> **Exercise input**
= Beginning of Section =
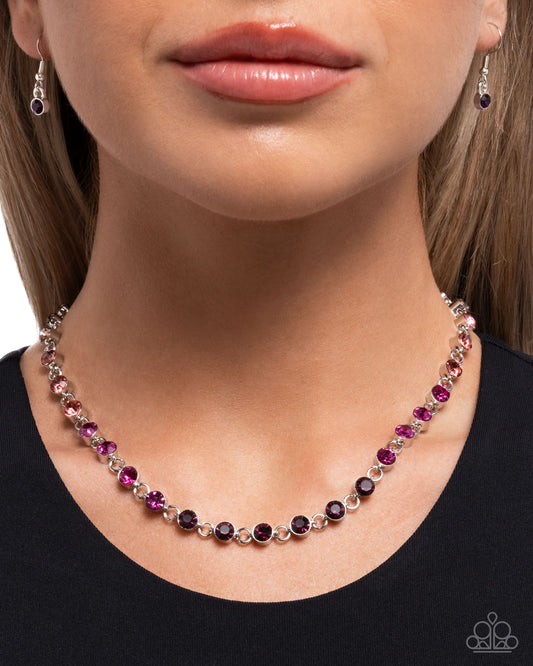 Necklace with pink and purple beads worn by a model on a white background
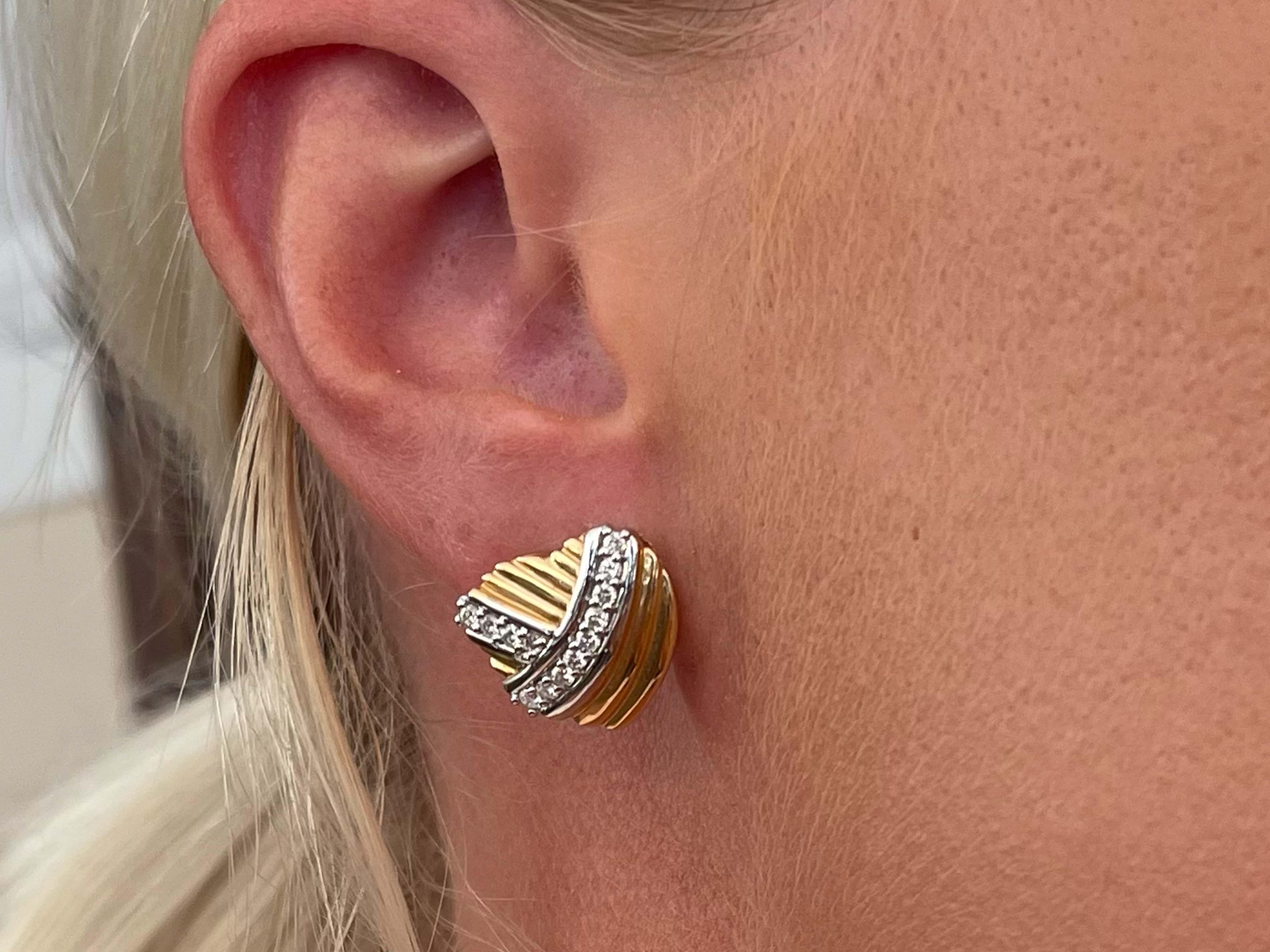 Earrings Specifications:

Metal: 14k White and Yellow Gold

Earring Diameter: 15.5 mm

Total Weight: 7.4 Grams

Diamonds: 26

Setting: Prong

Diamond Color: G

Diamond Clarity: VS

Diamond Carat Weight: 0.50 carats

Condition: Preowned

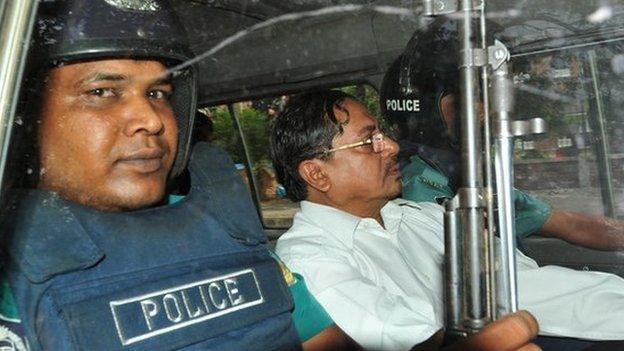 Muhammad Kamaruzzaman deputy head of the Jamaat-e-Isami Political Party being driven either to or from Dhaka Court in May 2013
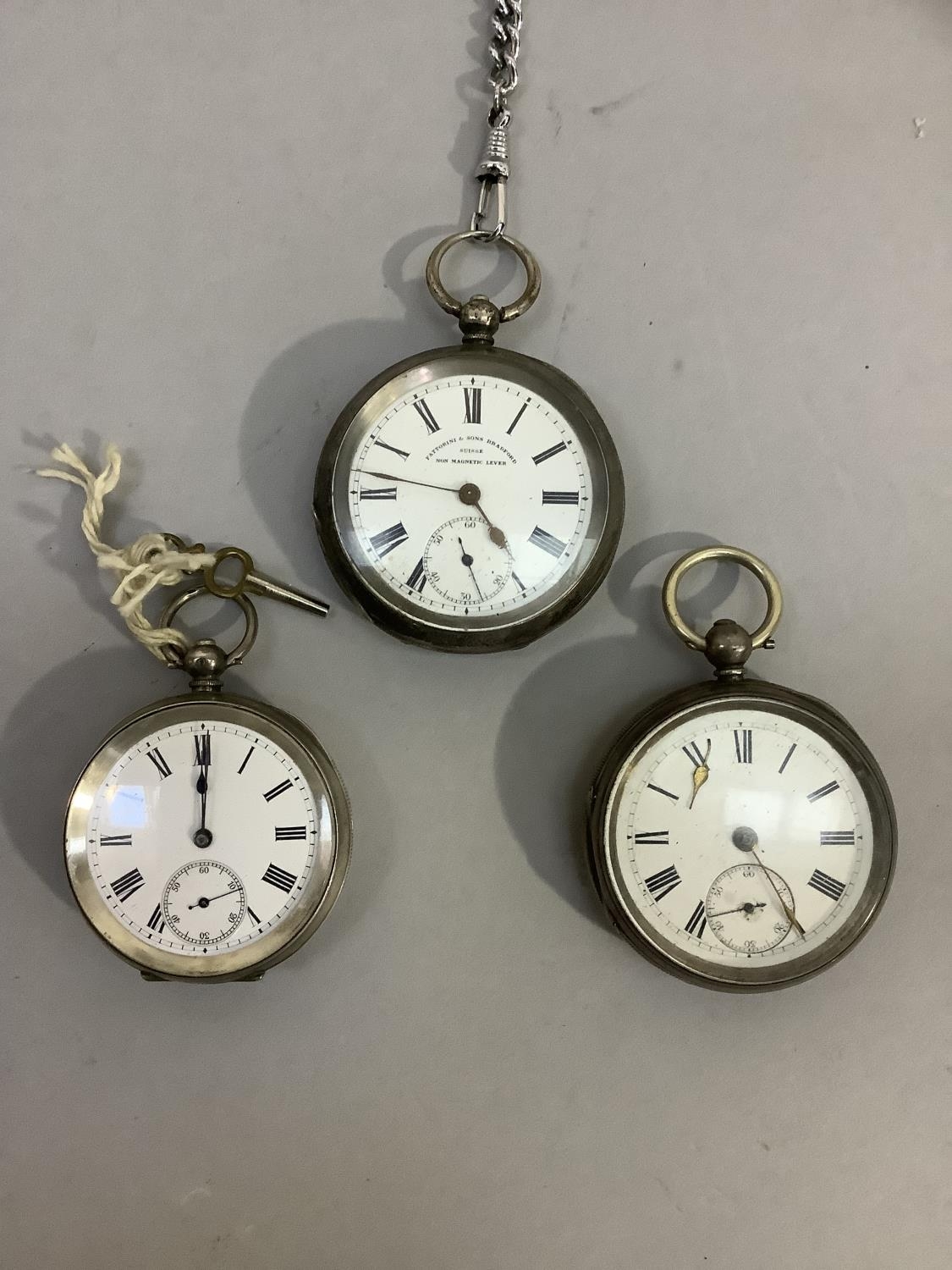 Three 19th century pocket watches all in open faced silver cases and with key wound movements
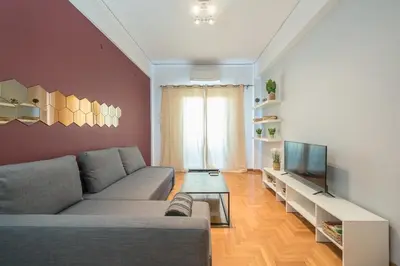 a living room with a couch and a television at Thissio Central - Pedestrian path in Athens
= End of Section =
> **Task goal**
Whichever lines of the records above hold the word "Weight" should all be copied out.

> **Answer section**
Total Weight: 7.4 Grams
Diamond Carat Weight: 0.50 carats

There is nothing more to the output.